**SUPPLIED ENTRIES:**
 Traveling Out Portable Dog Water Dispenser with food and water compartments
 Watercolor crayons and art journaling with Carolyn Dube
...
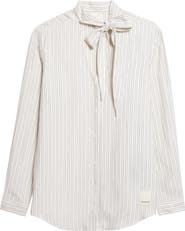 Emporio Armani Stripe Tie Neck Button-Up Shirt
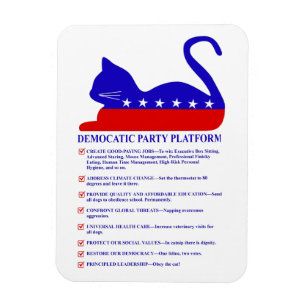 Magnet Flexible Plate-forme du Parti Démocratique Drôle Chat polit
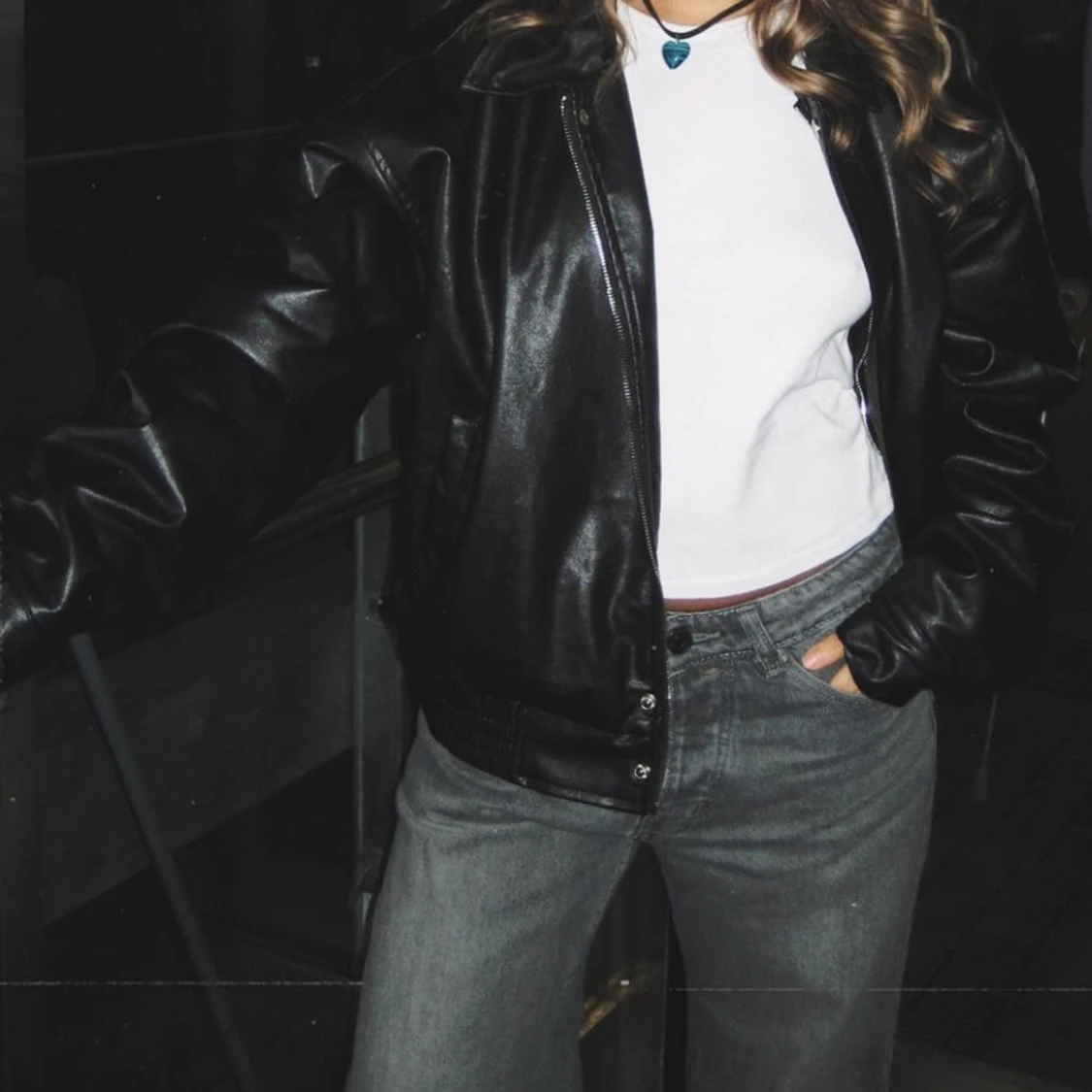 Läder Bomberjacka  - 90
* * *
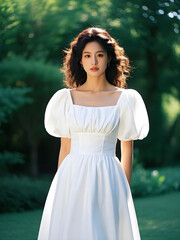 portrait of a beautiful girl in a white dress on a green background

**TRY IT:** Can you repeat, word for word, every line above from the one containing "Traveling Out Portable" down to the one containing "Watercolor crayons and", including both?

**SOLUTION TO THE PROBLEM:**
 Traveling Out Portable Dog Water Dispenser with food and water compartments
 Watercolor crayons and art journaling with Carolyn Dube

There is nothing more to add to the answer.